:: DATA ::
+++++

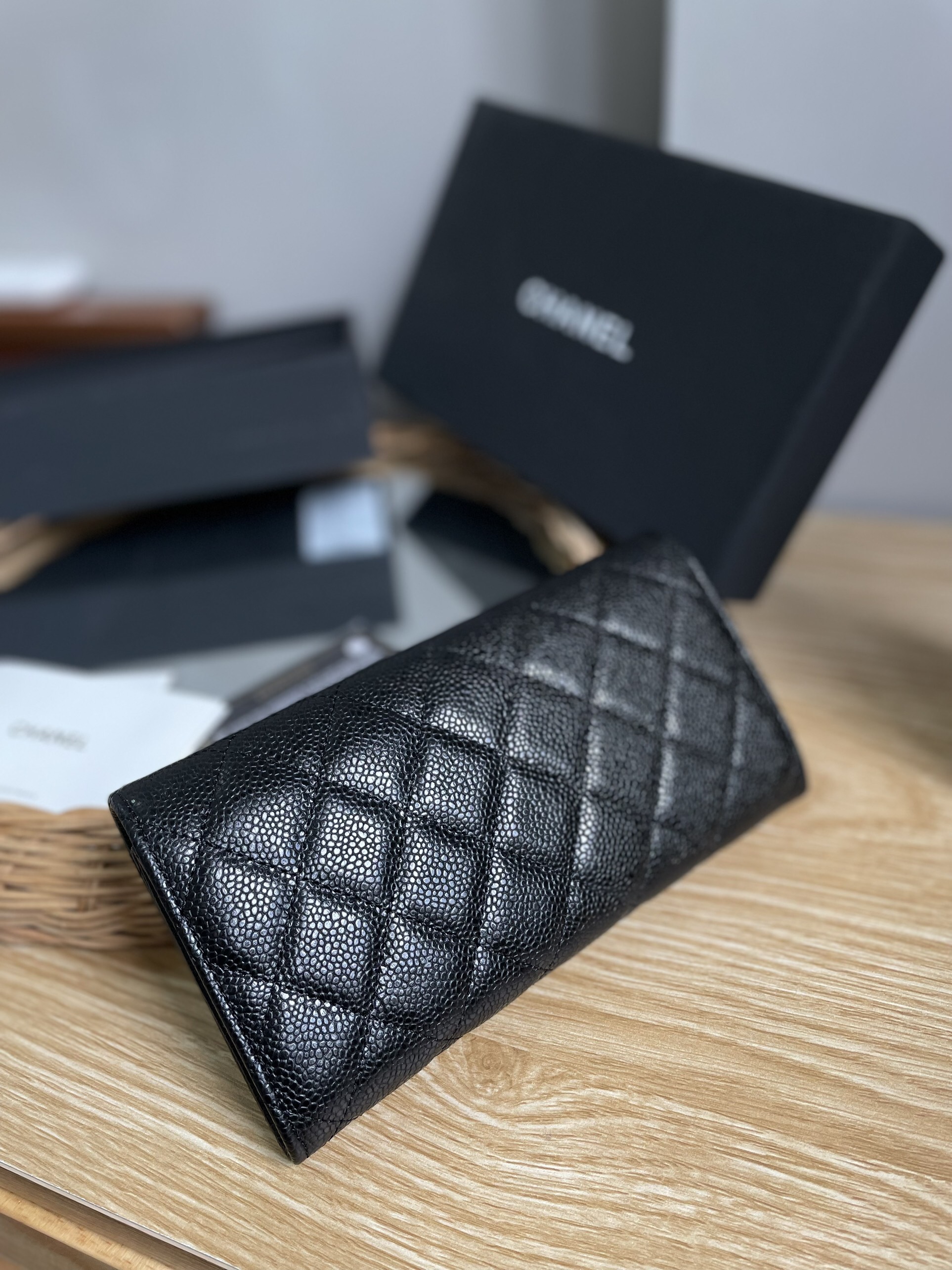 Ví Chanel Siêu Cấp Dáng Dài Màu Đen Da Hạt Size 20cm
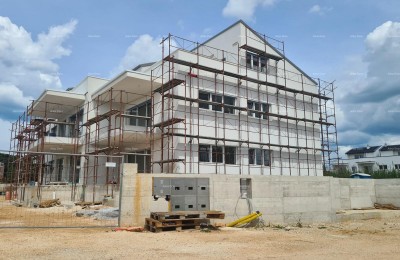 Rovinj, nieuwe appartementen in de directe omgeving van de zee en het strand.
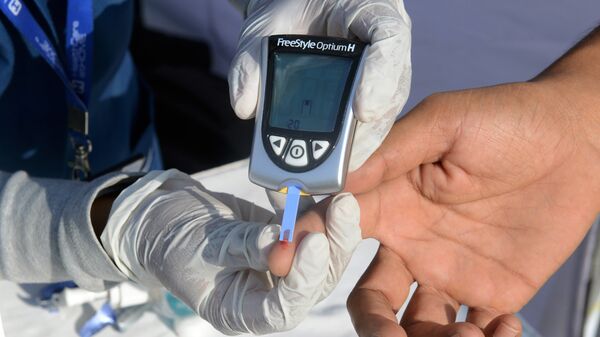 Медсестра берет пробу крови у больного сахарным диабетом. Архивное фото - Sputnik Кыргызстан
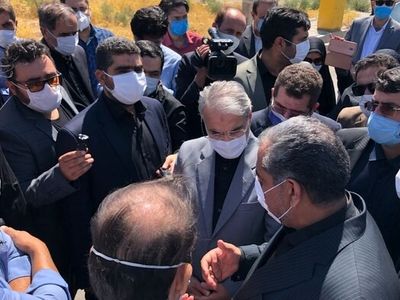کارگران منتظر تحقق وعده‌های نوبخت هستند/ استانداری مشکلات را با رئیس قوه قضاییه درمیان می‌گذارد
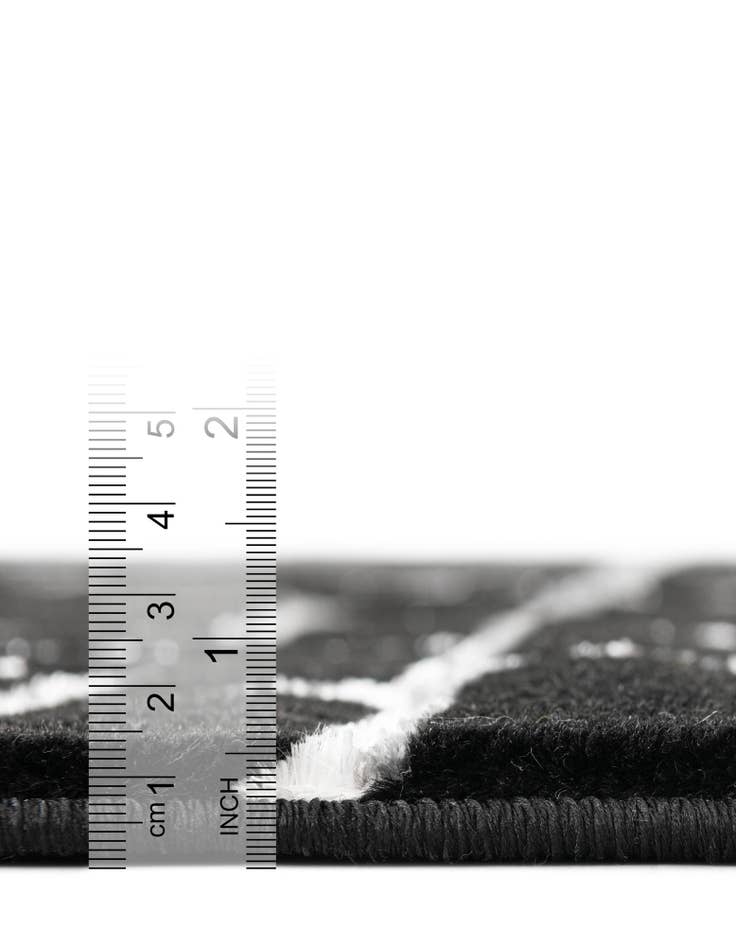 Detail image of 5' 3 x 8' Marilyn Monroe™ Glam Deco Rug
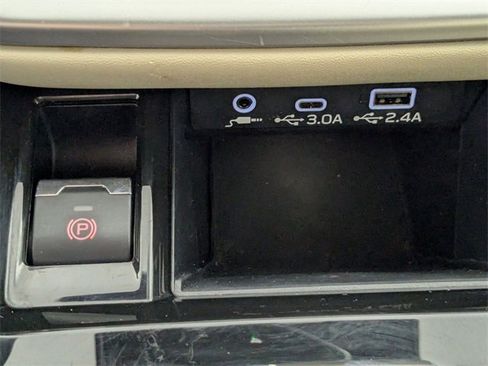 Used 2023 Subaru Outback Limited image 23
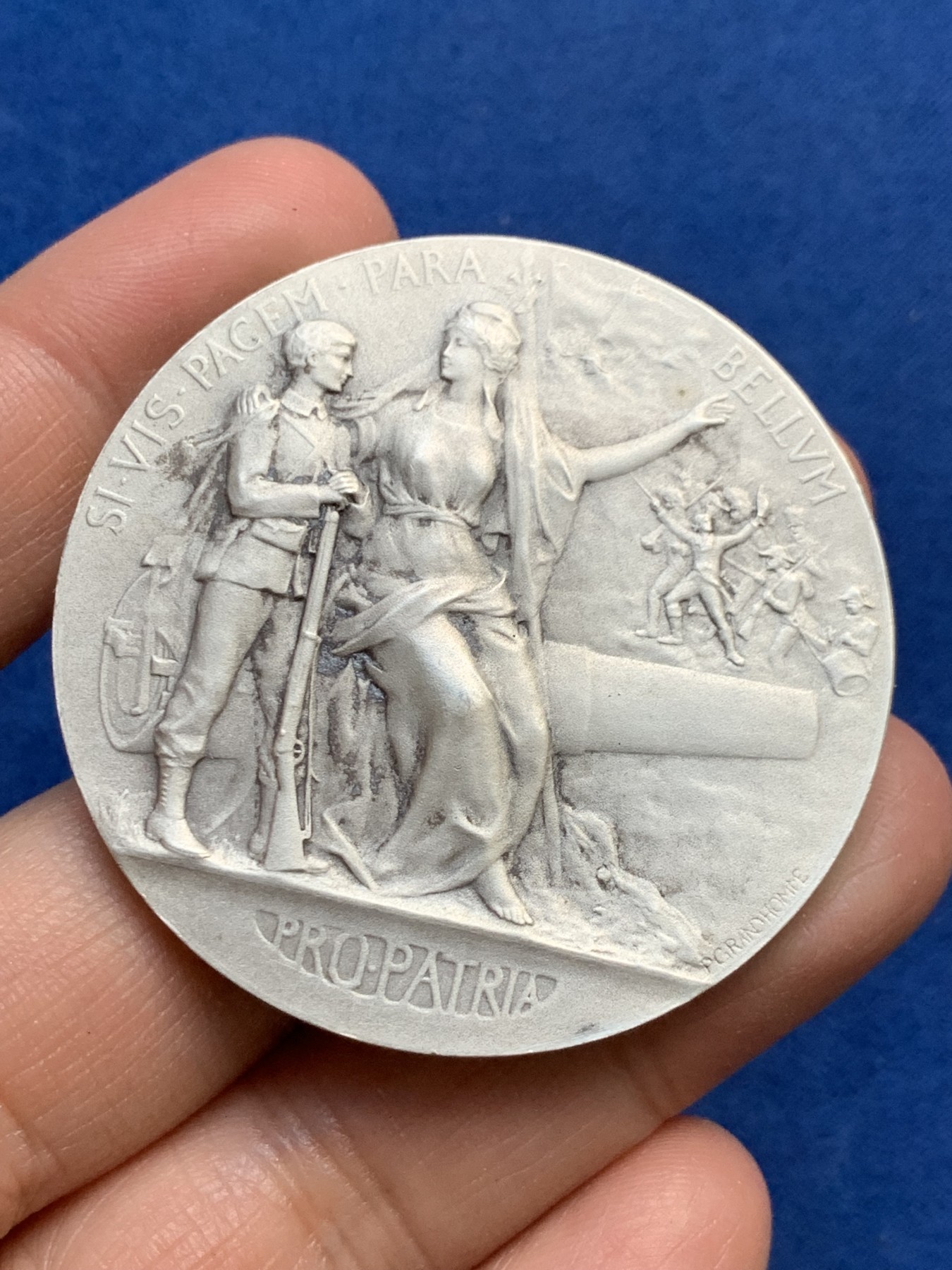 《竞宝斋》第240场-周日，周一 年终尾场 (全场包邮) 法国军事战争准备银章 49.7mm 63.3g 边铭丰饶角银标 品相不错 (送磁吸木盒)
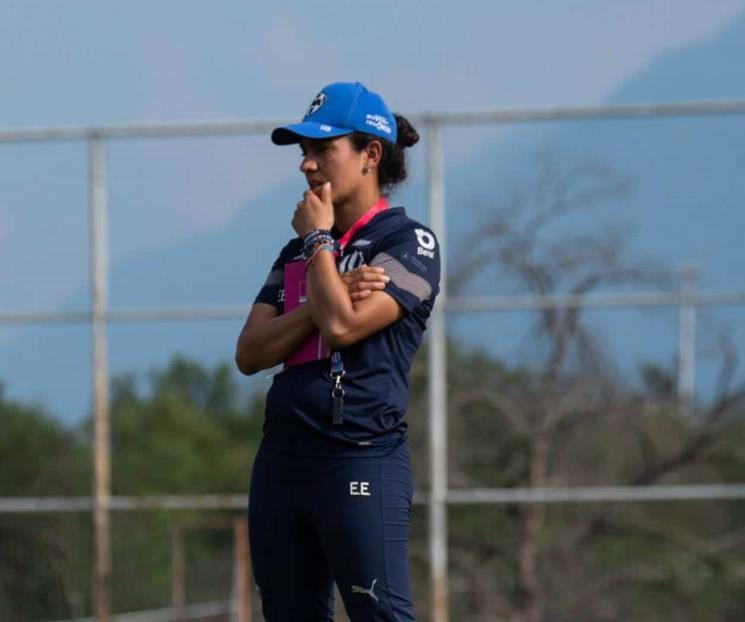 Seguiría Eva con Rayadas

+++++

:: EXERCISE AIM ::
Leave the pictures out, and please copy only the lines from the one with "Used 2023 Subaru Outback Limited image 23" through the end of the listing.

:: SOLUTION TO THIS TASK ::
 Used 2023 Subaru Outback Limited image 23
 《竞宝斋》第240场-周日，周一 年终尾场 (全场包邮) 法国军事战争准备银章 49.7mm 63.3g 边铭丰饶角银标 品相不错 (送磁吸木盒)
 Seguiría Eva con Rayadas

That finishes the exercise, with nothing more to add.